*** Begin section ***

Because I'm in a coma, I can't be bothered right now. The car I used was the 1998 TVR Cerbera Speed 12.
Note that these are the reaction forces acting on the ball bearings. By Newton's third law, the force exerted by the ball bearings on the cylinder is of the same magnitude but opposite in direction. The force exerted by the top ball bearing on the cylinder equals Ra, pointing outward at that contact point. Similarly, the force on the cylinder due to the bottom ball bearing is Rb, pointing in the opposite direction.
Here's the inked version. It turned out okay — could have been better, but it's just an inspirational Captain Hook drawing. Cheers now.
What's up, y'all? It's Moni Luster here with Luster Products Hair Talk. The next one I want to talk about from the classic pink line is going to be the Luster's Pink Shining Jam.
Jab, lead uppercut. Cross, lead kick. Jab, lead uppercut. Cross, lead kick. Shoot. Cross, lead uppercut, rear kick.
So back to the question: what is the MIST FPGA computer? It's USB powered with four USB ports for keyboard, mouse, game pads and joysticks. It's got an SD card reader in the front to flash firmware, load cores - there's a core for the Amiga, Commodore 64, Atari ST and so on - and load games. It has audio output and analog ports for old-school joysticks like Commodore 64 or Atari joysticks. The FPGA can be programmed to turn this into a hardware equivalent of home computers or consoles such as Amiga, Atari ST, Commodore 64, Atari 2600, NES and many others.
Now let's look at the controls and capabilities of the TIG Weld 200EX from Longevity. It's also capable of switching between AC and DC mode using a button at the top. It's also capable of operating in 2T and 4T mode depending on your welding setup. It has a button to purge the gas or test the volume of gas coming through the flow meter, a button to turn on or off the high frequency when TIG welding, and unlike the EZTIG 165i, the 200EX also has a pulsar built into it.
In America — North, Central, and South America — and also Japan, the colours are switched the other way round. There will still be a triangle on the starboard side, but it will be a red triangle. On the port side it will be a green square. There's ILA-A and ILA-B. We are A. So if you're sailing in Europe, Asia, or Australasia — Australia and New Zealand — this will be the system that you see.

*** End section ***

__Task goal__. Needed here are the exact lines from the start of the material through the line that contains "Note that these", and no others.

__Response area__.
Because I'm in a coma, I can't be bothered right now. The car I used was the 1998 TVR Cerbera Speed 12.
Note that these are the reaction forces acting on the ball bearings. By Newton's third law, the force exerted by the ball bearings on the cylinder is of the same magnitude but opposite in direction. The force exerted by the top ball bearing on the cylinder equals Ra, pointing outward at that contact point. Similarly, the force on the cylinder due to the bottom ball bearing is Rb, pointing in the opposite direction.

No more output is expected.